The experiments were conducted on NVIDIA GeForce A6000, The code is written in Python. We recommend using a virtual environment (e.g., conda) to manage dependencies.

Attack Seamless

Perturbation-based Attack

Environment Setup

Clone the Seamless Repository:

   cd our_repository
   git clone https://github.com/facebookresearch/seamless_communication.git
   cd seamless_communication
   git checkout a9f6fa2c98f93af0ff1a9d967424a85b8fd352f1
   conda create -n advst python=3.9.18
   conda activate advst
   pip install .

Install Dependencies:

  conda install -c conda-forge libsndfile==1.0.31  # Not available via pip

Pretrained Models

We evaluated the following Seamless models in our experiments:

SeamlessM4T Large
SeamlessM4T Medium
SeamlessM4T v2
Seamless Expressive

Details on these models and download instructions can be found in the official repository.
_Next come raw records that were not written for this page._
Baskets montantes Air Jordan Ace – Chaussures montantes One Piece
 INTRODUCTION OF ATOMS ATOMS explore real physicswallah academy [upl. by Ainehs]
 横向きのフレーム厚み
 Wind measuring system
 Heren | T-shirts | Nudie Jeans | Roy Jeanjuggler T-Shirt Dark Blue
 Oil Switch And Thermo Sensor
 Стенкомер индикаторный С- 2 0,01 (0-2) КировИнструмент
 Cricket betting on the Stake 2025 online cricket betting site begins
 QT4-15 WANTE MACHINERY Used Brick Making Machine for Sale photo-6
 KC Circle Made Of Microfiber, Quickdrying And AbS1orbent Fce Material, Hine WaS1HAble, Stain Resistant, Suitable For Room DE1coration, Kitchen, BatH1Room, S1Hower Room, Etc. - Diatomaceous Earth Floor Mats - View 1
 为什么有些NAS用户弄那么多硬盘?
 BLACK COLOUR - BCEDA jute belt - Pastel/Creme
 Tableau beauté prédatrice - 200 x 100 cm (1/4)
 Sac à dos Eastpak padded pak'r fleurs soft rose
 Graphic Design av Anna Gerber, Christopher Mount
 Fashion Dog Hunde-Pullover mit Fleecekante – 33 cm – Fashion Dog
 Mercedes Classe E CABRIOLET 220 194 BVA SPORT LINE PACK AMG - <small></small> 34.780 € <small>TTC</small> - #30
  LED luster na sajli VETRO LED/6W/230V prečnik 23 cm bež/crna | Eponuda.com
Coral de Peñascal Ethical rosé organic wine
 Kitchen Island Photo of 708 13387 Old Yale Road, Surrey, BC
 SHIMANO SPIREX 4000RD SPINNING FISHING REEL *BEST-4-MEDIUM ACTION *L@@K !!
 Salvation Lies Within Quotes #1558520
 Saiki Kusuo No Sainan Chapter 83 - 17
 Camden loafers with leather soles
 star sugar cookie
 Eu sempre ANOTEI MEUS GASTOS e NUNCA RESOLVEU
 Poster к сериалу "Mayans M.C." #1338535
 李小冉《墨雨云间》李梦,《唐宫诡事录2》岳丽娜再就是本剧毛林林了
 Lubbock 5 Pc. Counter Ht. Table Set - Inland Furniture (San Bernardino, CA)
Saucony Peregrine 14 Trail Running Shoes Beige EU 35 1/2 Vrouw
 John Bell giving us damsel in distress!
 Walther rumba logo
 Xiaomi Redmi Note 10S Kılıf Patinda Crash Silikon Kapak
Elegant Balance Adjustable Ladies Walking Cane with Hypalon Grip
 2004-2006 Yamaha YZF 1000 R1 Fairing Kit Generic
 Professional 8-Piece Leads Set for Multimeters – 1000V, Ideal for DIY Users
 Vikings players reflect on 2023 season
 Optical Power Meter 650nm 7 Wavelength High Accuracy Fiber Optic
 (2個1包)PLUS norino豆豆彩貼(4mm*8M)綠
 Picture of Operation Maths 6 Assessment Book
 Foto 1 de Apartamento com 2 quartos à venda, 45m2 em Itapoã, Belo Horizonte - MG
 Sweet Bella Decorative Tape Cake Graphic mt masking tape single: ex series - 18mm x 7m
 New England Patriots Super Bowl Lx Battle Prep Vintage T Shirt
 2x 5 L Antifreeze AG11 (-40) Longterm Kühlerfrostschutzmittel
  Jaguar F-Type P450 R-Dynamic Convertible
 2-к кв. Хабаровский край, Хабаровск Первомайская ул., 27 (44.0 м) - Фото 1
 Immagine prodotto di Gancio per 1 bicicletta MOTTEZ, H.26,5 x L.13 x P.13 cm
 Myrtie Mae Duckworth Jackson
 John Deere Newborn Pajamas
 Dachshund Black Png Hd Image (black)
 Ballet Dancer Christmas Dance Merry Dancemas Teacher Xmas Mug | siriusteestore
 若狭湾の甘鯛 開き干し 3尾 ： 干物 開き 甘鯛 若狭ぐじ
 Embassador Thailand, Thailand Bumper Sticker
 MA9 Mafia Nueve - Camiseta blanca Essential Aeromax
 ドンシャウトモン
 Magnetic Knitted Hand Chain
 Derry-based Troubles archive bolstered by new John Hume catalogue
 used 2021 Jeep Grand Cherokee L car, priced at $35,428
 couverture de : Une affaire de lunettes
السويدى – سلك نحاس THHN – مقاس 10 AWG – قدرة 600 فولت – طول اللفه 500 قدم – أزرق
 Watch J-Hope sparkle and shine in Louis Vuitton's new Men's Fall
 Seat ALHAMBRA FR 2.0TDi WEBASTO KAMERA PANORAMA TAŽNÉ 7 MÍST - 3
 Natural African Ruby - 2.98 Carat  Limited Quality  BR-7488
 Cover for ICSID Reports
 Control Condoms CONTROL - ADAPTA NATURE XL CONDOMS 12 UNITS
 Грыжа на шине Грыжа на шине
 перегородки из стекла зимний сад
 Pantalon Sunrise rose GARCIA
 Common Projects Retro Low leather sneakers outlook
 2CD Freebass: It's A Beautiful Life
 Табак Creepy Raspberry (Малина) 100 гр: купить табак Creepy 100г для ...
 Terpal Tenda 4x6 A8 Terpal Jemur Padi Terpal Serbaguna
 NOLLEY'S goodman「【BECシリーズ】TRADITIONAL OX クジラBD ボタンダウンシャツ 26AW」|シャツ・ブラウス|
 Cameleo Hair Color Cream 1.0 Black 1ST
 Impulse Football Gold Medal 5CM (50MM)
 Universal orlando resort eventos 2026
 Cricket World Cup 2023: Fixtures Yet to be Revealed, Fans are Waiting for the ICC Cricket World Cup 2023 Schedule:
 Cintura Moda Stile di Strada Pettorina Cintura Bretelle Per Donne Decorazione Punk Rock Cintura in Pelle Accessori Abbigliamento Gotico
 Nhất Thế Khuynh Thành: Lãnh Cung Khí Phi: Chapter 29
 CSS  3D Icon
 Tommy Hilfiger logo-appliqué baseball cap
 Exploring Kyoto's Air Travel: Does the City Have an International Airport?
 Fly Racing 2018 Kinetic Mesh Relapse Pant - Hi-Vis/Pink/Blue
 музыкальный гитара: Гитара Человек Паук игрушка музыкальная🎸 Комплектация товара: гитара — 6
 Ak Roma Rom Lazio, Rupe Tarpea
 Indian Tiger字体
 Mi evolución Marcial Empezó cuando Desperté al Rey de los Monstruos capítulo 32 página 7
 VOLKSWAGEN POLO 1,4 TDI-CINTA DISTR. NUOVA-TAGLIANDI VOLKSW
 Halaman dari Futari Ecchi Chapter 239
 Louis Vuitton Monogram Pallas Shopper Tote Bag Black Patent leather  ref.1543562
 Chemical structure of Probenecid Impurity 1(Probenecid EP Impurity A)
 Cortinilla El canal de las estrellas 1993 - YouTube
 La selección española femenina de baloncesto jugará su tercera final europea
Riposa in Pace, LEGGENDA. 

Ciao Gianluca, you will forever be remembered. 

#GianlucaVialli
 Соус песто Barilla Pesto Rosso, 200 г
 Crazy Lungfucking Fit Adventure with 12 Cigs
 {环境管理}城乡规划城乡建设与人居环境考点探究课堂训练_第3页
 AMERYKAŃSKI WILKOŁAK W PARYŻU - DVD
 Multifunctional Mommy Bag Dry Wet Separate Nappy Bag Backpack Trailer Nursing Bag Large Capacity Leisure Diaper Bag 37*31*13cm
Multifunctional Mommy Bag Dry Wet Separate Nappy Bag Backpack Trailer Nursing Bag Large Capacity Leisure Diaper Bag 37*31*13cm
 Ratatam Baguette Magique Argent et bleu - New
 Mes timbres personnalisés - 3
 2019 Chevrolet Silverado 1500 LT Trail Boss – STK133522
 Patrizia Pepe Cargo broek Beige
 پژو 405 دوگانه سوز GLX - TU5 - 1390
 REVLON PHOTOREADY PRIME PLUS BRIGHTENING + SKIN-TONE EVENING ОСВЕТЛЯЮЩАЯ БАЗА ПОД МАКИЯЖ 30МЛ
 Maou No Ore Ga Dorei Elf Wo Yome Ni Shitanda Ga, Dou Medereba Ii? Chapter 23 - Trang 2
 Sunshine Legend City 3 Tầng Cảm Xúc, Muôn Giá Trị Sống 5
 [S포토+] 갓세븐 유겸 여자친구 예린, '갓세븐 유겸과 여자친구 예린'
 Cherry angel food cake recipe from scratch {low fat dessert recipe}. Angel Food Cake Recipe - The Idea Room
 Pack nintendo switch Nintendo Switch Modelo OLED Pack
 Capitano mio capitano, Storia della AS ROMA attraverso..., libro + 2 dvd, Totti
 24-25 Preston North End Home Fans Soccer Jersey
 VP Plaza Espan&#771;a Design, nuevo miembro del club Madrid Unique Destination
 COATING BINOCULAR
Notably, we use the Seamless Expressive model to evaluate VSIM-E. Access to the pretrained Expressive model requires official authorization from Meta. For more information, refer to the official model repository.

Run Attack

For batch attack:

   cp core-code/seamless/{Attack_seamless.py,psy.py,Attack_m4tlarge.sh,Attack_m4tmedium.sh,Attack_m4tv2.sh,Attack_expressive.sh} seamless_communication/src/

   cd seamless_communication/src/
   # conda env: advst
   bash Attack_m4tlarge.sh
   bash Attack_m4tmedium.sh
   bash Attack_m4tv2.sh
   bash Attack_expressive.sh

Attack with Target Cycle Optimization:

   cp core-code/seamless/{Attack_m4tlarge_tco.sh} seamless_communication/src/
   
   cd seamless_communication/src/
   # conda env: advst
   bash Attack_m4tlarge_tco.sh

For more convenient attack test: single sample attack

   # conda env: advst
   python Attack_seamless.py  --in audio_file \
                              --target "You make me sick." \
                              --out "Attack-m4tlarge-(eng,deu,fra,cmn)/${speaker}/${sentence_index}" \
                              --lr 0.1 \
                              --eps 0.5 \
                              --bp 1 \
                              --tgtl "eng,cmn,deu,fra"

Music-based Attack

Environment Setup

Setup Seamless env as mentioned in perturbation based attack.
Setup MusTango env
- Clone the modified Mustango model code. We have modified the official MusTango code to remove the no_grad operation during the music generation process, ensuring that the adversarial music optimization process enables gradient flow.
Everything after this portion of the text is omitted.